A specialist automotive team has been created by Clydesdale and Yorkshire Banks to support businesses in the manufacturing supply chain as it looks to build on its growing customer base. The new team has proven experience and expertise of working with tier one, two and three manufacturing businesses and understands the challenges and opportunities faced by the sector.
The team has been set up to support full banking requirements for these businesses albeit with a particular focus on those which require tooling finance. Manufacturers in the supply chain typically invest between £30,000 to £1m for each new piece of tooling, but tend not to see a return on that investment for around 18 months. The Bank’s financial support includes a rolling tooling finance facility which allows automotive manufacturers access to funding as and when they require new tools, rather than having to apply for funding every time a new component is required.
The new team will be led by Kevin Rimmer, Clydesdale and Yorkshire Bank’s Head of Manufacturing, and Automotive Director Heather Griffin.
The Bank’s increase in support comes at a time of confidence and growth in the UK’s car manufacturing sector.
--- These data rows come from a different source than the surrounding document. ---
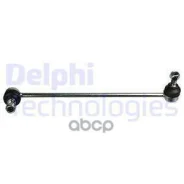 ���� ������������� Delphi ���. TC2690 TC2690 ����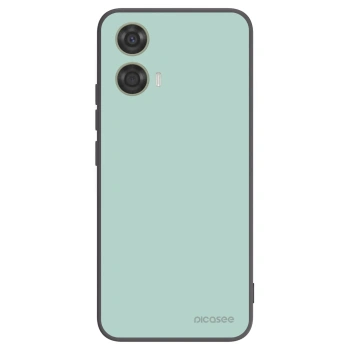 Obal pre Motorola Moto G24 - Pastel Charm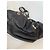 Borsa Jimmy Choo per Donna in Buone condizioni - vista 2
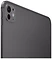 Apple () iPad Pro 11 (2024) 5G 512GB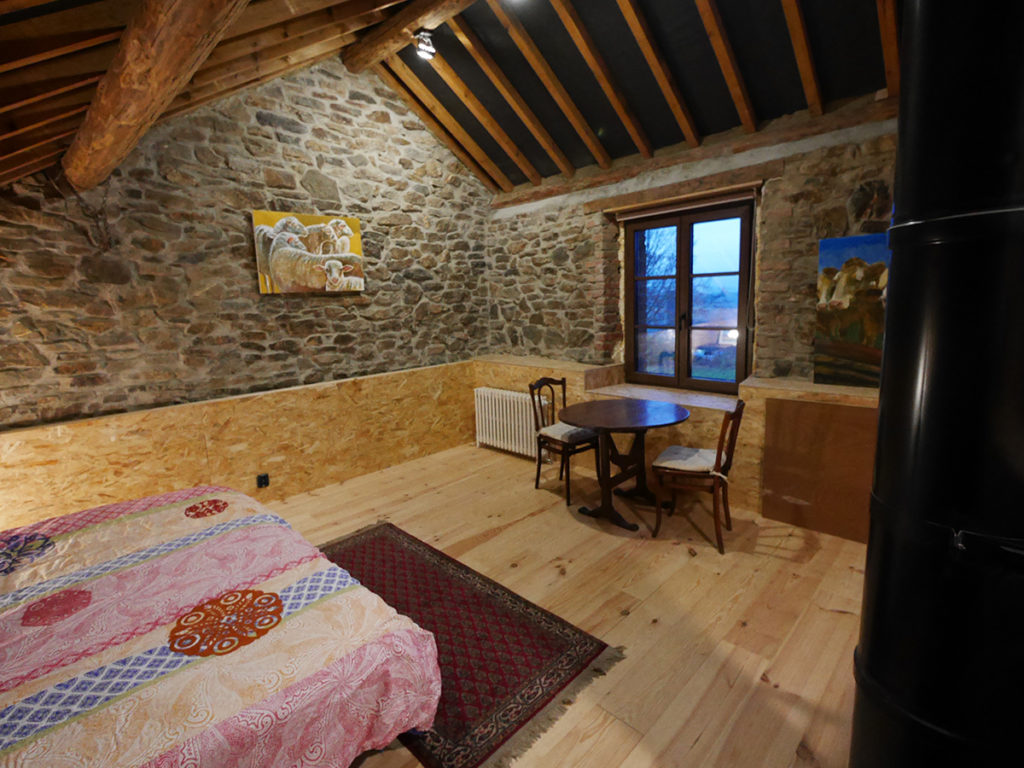 064_attic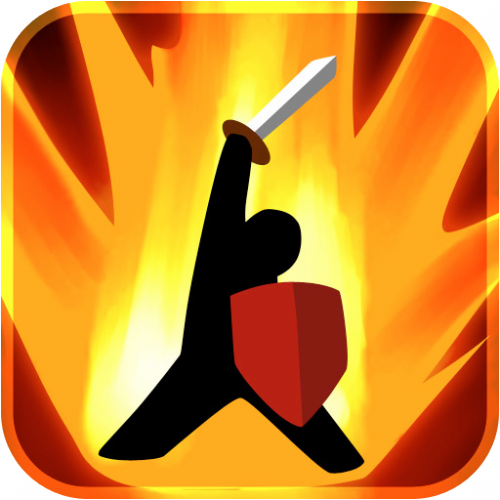 Battleheart v1.5.1
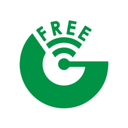 FreeG WiFi Reviews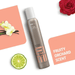 Wella Professionals EIMI Natural Volume 500 ml - Cancam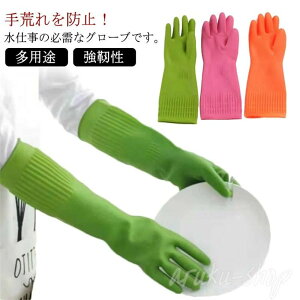 ϋv x pr hp ybgPA | p p ԗp ~ H O h S Lb`O[u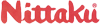 Nittaku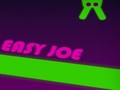 Easy Joe per giocare online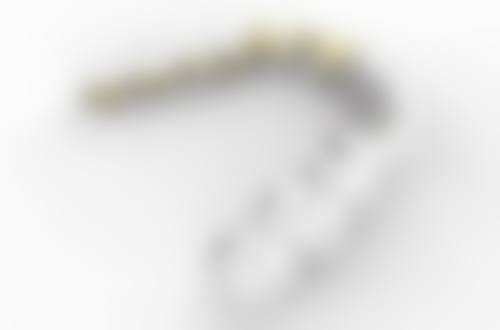 2、佛山三友口腔门诊部是正规医院吗?正规资质查阅: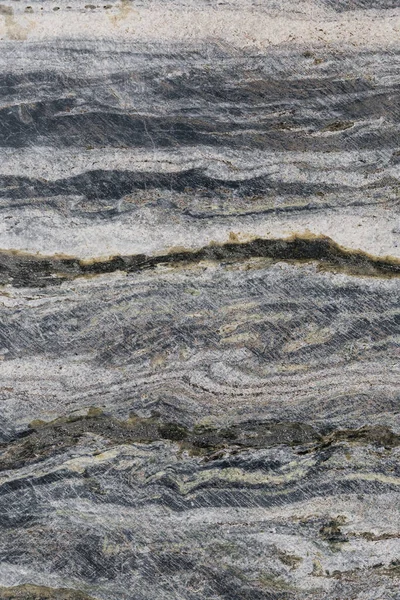 Stenen Marmeren Textuur Abstracte Achtergrond — Stockfoto
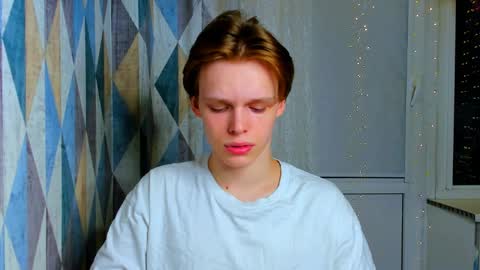 kenordi online show from April 4, 2026, 5:43 pm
According to The Society of Motor Manufacturers and Traders, last year 1,528,148 cars were manufactured in the UK, a 1.2% rise on the previous year. This was a strong performance despite export values falling slightly on the back of difficult overseas markets particularly against a backdrop of slower growth in the EU – the UK’s largest export market.
Kevin Rimmer said:
“The UK’s car manufacturing industry is growing in confidence and productivity to meet consumer demand for more innovative and energy efficient vehicles.
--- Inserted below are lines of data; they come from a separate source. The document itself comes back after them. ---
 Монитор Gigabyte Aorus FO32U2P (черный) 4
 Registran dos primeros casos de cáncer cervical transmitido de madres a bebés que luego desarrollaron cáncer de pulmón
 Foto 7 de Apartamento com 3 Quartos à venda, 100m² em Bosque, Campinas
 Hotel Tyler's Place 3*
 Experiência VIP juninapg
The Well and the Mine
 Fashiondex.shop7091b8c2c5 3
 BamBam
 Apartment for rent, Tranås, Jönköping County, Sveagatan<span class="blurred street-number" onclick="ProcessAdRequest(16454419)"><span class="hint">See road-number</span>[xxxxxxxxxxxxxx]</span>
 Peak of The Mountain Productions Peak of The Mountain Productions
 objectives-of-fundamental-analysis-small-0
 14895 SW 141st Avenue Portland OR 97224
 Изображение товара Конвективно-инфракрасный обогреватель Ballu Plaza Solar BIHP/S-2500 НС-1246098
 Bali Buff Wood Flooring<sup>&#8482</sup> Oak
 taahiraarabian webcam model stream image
“This growth is being fuelled by £7bn worth of investment in production facilities announced over the last two years. As a result of investment in new models, machinery and plant, the entire supply chain is set to benefit and invest in the market with further growth expected in 2015.
“The Automotive Council estimates the value of opportunity for tier two and three suppliers to be in the region of £2bn. This is in addition to the £3bn worth of opportunity for tier one suppliers. In order to meet that level of demand, the supply chain will be investing in tooling and also new people, equipment and premises.
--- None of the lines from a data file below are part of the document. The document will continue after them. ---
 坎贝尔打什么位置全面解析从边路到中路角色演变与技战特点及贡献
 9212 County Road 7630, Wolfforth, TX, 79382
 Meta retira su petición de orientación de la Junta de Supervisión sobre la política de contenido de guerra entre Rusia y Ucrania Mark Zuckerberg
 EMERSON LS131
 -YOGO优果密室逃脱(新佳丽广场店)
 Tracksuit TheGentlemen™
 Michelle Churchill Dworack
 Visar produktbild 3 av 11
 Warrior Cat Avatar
“We are delighted to play our part in supporting the growth of the automotive manufacturing sector by providing a flexible and specialist approach.”
Michael Mychajluk, Jaguar Land Rover Supply Chain and External Engagement Manager and Automotive Council Supply Chain Group Member, said:
“The Automotive Council Access to Finance workstream has been talking to the major British Banks on how the automotive industry operates and the opportunities for growth that exist in the supply chain. The great news is that the banks have listened and actioned support through new bespoke lending solutions.”
Many UK automotive suppliers are benefiting from the sustained growth in the sector but need to extend their working capital facilities to help meet this opportunity.
One such business supported by Yorkshire Bank is tier one supplier, Tipton-based CAB Automotive which supplies interior trim parts to the automotive industry. A Yorkshire Bank customer since 2010, as well as full-banking support, CAB Automotive has benefitted from flexible tooling finance facilities which have enabled it to grow and target new markets.
Richard McCulloch, CAB Automotive’s group finance director, said:
“Yorkshire Bank has taken the time to understand the sector and our business. The team provides us with funding which is bespoke and structured to meet our immediate and long-term growth requirements.
“While the UK automotive manufacturing sector is growing and the prospects for future growth are positive, it is still a competitive marketplace. This is particularly true for smaller, privately-owned suppliers such as ourselves who are competing against larger pan-European manufacturers.”